* [MATERIAL PROVIDED]
*** Begin section ***
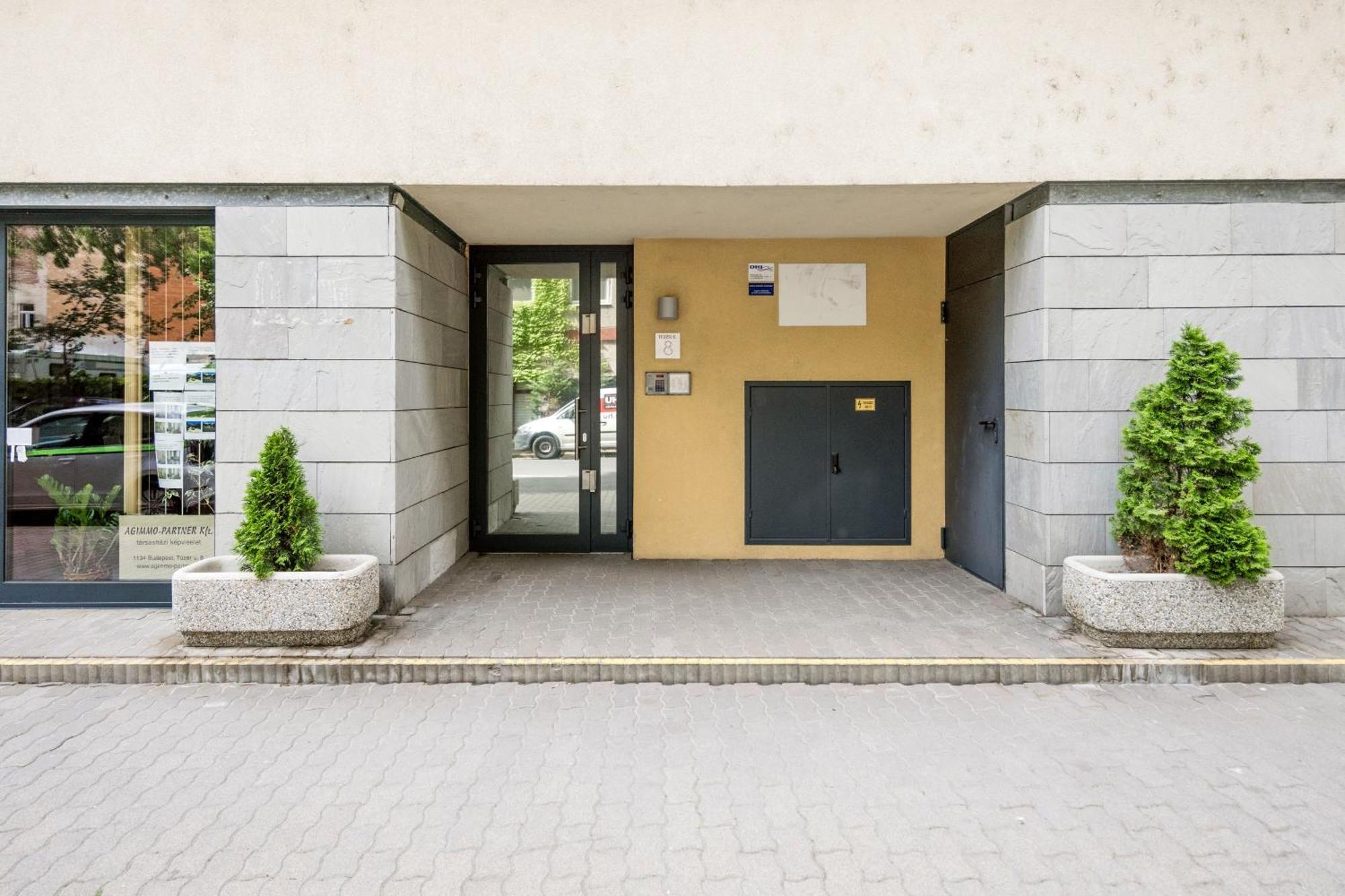 Appartement Modern Two-bedroom With Free Parking *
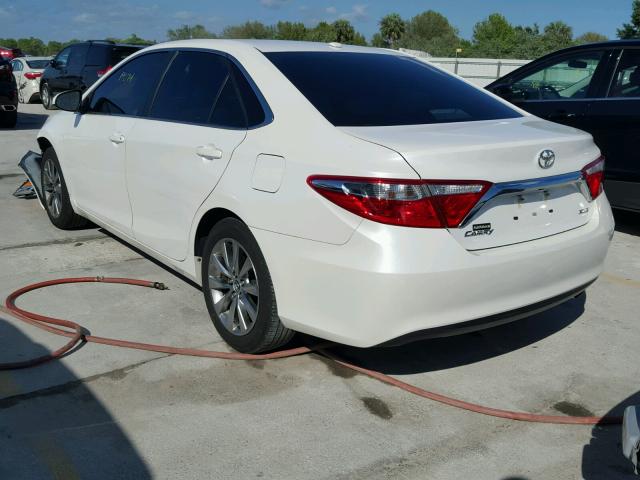 4T1BF1FKXFU948621 - 2015 TOYOTA CAMRY LE WHITE photo 3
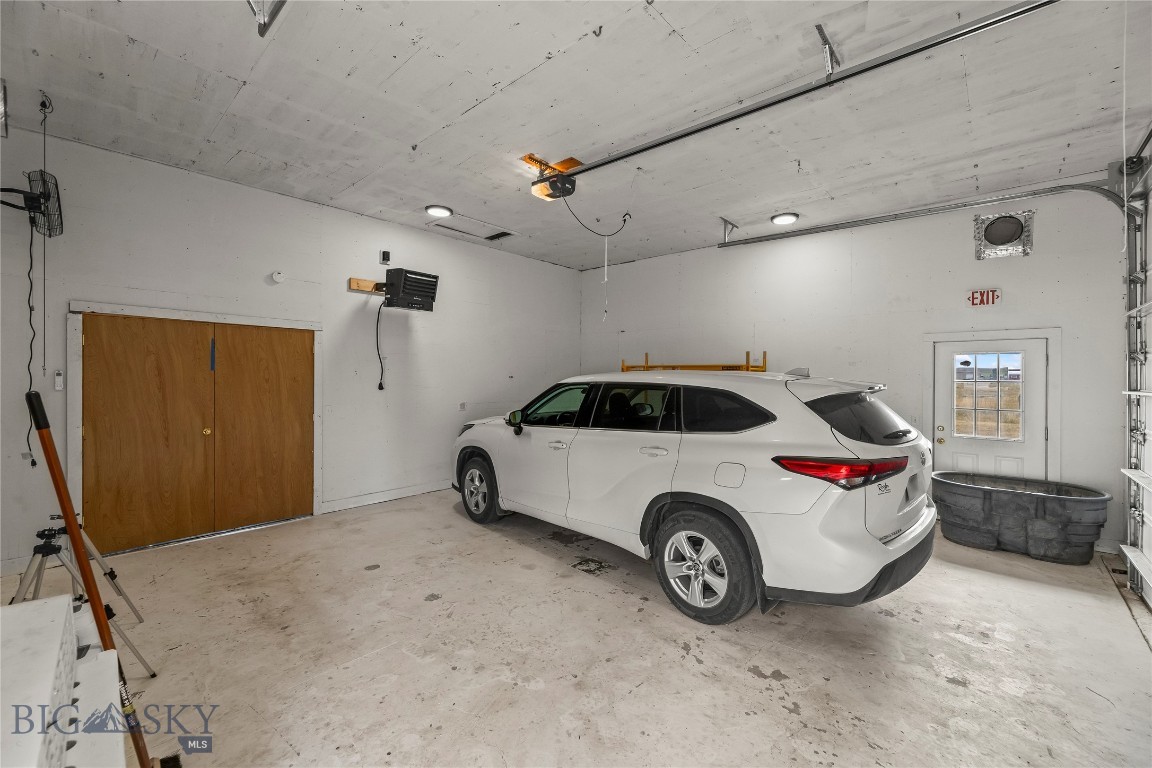 28 Great Escape Property Photo 80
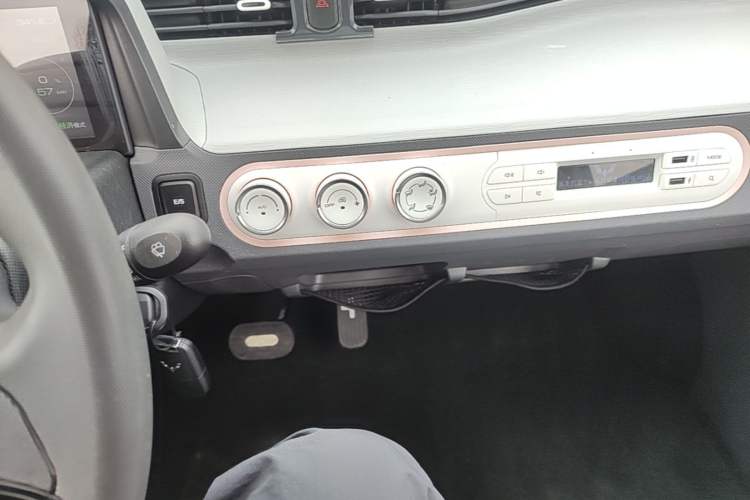 Used Wuling Hongguang MINIEV 2022 Macaron Premium Model – Lithium Iron Phosphate Audio And AC Panel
*** End section ***
* [WORK TASK]
Give back an exact copy of only the lines from the one with "4T1BF1FKXFU948621 - 2015" through the final line of the material, both included. Pictures do not belong in it.

* [ANSWER TO THE EXERCISE]
 4T1BF1FKXFU948621 - 2015 TOYOTA CAMRY LE WHITE photo 3
 28 Great Escape Property Photo 80
 Used Wuling Hongguang MINIEV 2022 Macaron Premium Model – Lithium Iron Phosphate Audio And AC Panel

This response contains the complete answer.